§ 45-24-46.1. Inclusionary zoning.
(a) A zoning ordinance requiring the inclusion of affordable housing as part of a development
shall provide that the housing will be affordable housing, as defined in § 42-128-8.1(d)(1); that the affordable housing will constitute not less than fifteen percent (15%)
of the total units proposed for the development; and that the units will remain affordable
for a period of not less than thirty (30) years from initial occupancy enforced through
a land lease and/or deed restriction enforceable by the municipality and the state
of Rhode Island. A zoning ordinance that requires the inclusion of affordable housing
as part of a development shall specify the threshold in which the inclusion of affordable
housing is required, but in no event shall a minimum threshold triggering the inclusion
of affordable housing be higher than ten (10) dwelling units. The total number of
units for the development may include less than fifteen percent (15%) affordable units
after the density bonus described in subsection (c) of this section is determined.
A municipality shall not limit the number of bedrooms for applications submitted under
this section to anything less than three (3) bedrooms per dwelling unit for single-family
dwelling units.
(b) A zoning ordinance that includes inclusionary zoning may provide that the affordable
housing must be built on-site or it may allow for one or more alternative methods
of production, including, but not limited to: off-site construction or rehabilitation;
donation of land suitable for development of the required affordable units; and/or
the payment of a fee in lieu of the construction or provision of affordable housing
units.
(c) Density bonus, zoning incentives, and municipal subsidies. For all projects subject to inclusionary zoning, subject to applicable setback, lot
width, or frontage requirements or the granting of relief from the same, a municipality
shall allow the addition of one market rate unit for each affordable unit required
and the minimum lot area per dwelling unit normally required in the applicable zoning
district shall be reduced by that amount necessary to accommodate the development.
Larger density bonuses for the provision of an increased percentage of affordable
housing in a development may be provided by a municipality in the zoning ordinance.
The total number of units for the development shall equal the number originally proposed,
including the required affordable units, plus the additional units that constitute
the density bonus. Local regulations shall provide for reasonable relief from dimensional
requirements to accommodate the bonus density under this section. A municipality shall
provide, and an applicant may request, additional zoning incentives and/or municipal
government subsidies as defined in § 45-53-3 to offset differential costs of affordable units. Available zoning incentives and
municipal government subsidies may be listed in the zoning ordinance, but shall not
be an exclusive list.
(1) Inclusionary zoning requirements shall not be applied where there is a limitation
on the development density at the subject property under the regulations of a state
agency, such as the coastal resources management council or department of environmental
management that prevents the use of the density bonus set forth in this section.

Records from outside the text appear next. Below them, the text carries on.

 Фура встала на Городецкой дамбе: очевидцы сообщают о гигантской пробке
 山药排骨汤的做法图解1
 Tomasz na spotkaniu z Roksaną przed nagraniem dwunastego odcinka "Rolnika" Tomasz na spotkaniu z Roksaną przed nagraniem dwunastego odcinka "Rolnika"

(d) Fee-in-lieu. To the extent a municipality provides an option for the payment of a fee-in-lieu
of the construction or provision of affordable housing, and an application seeks to
utilize fee-in-lieu, the use of such fee shall be the choice of the developer or builder
applied on a per-unit basis and may be used for new developments, purchasing property
and/or homes, rehabilitating properties, or any other manner that creates additional
low- or moderate-income housing as defined in § 45-53-3(9).
(1) Eligibility for density bonus. Notwithstanding any other provisions of this chapter, an application that utilizes
a fee-in-lieu, off-site construction or rehabilitation, or donation of land suitable
for development of the required affordable units shall not be eligible for the density
bonus outlined in this section.
(2) An application that seeks to utilize a fee-in-lieu of the construction or provision
of affordable housing must be reviewed by the planning board or commission and is
not eligible for administrative review under the Rhode Island Land Development and
Subdivision Review Enabling Act of 1992, codified at §§ 45-23-25 — 45-23-74.

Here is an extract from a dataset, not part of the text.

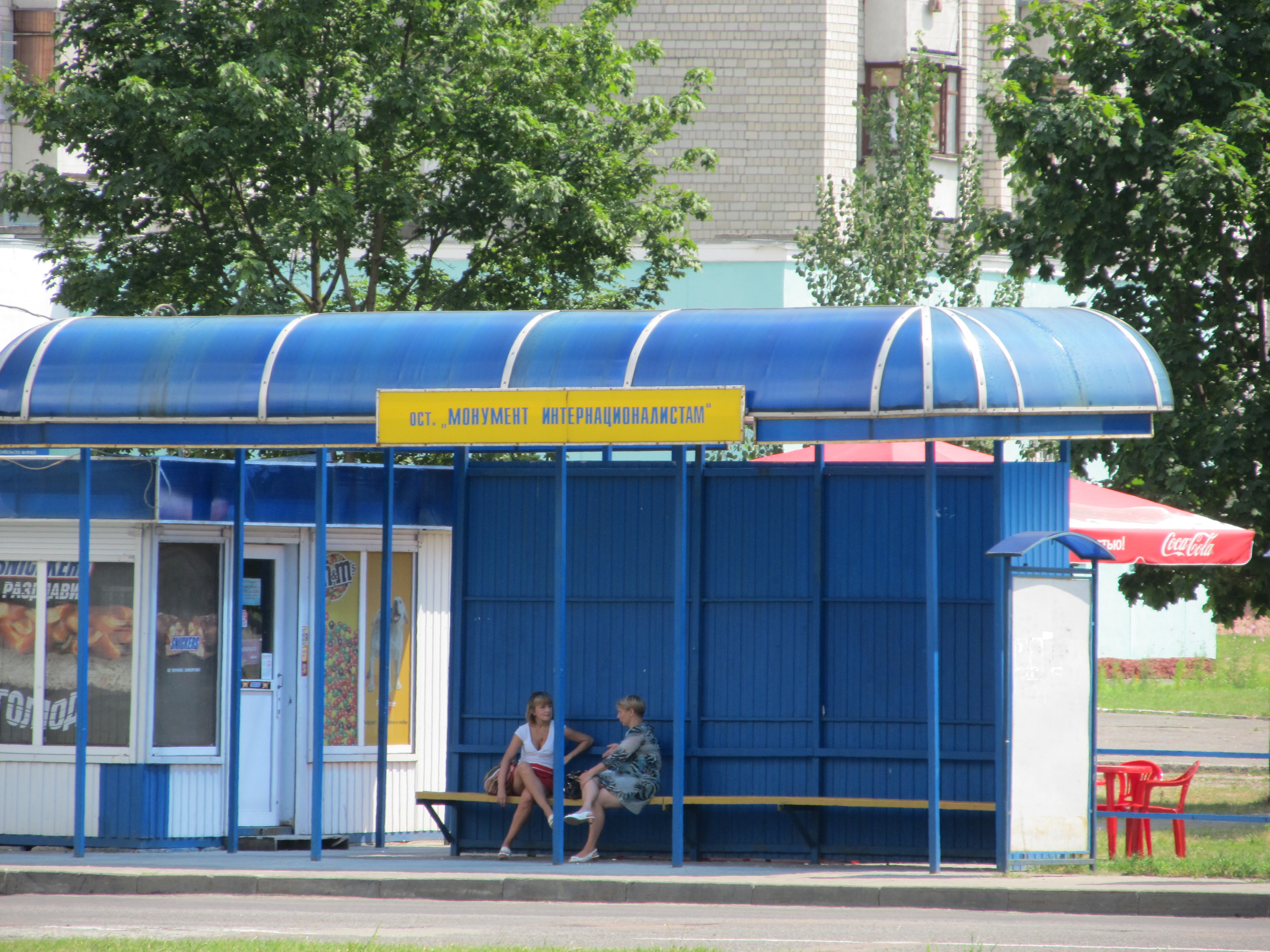 Волгоградская гомель. Ул Международная Гомель остановка. Автобусная остановка. Воинов интернационалистов остановка. Бассейн в Калинковичах.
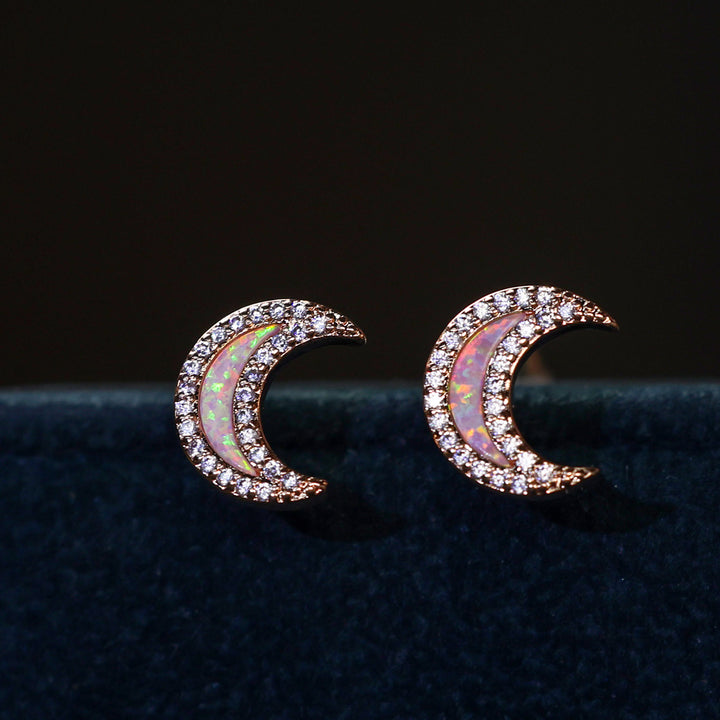 Pendientes con forma de luna de circonita y ópalo azul de Olivenorma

(3) Amount of fee-in-lieu. For affordable single-family homes and condominium units, the per-unit fee shall
be the difference between the maximum affordable sales price for a family of four
(4) earning eighty percent (80%) of the area median income as determined annually
by the U.S. Department of Housing and Urban Development and the average cost of developing
a single unit of affordable housing. The average cost of developing a single unit
of affordable housing shall be determined annually based on the average, per-unit
development cost of affordable homes financed by Rhode Island housing and mortgage
finance corporation (RIHMFC) over the previous three (3) years, excluding existing
units that received preservation financing.

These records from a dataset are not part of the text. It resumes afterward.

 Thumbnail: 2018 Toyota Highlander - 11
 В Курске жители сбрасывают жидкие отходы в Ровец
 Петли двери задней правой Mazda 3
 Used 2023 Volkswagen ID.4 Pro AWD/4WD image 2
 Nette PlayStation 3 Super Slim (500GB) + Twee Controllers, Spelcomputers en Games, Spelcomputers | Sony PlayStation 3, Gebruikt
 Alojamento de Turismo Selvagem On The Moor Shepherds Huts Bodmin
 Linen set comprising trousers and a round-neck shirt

(i) Notwithstanding subsection (d)(3) of this section, in no case shall the per-unit fee
for affordable single-family homes and condominium units be less than forty thousand
dollars ($40,000).
(4) Use of fee-in-lieu. The municipality shall deposit all in-lieu payments into restricted accounts that
shall be allocated and spent only for the creation and development of affordable housing
within the municipality serving individuals or families at or below eighty percent
(80%) of the area median income. The municipality shall maintain a local affordable
housing board to oversee the funds in the restricted accounts and shall allocate the
funds within three (3) years of collection. The municipality shall include in the
housing element of their local comprehensive plan and shall pass by ordinance, the
process it will use to allocate the funds.
(e) As an alternative to the provisions of subsection (d), the municipality may elect
to transfer in-lieu payments promptly upon receipt or within the three-year (3) period
after receipt. A municipality shall transfer all fee-in-lieu payments that are not
allocated within three (3) years of collection, including funds held as of July 1,
2025, to the executive office of housing for the purpose of developing affordable
housing within that community. Funds shall be deposited into the Housing Production
Fund established pursuant to § 42-128-2.1.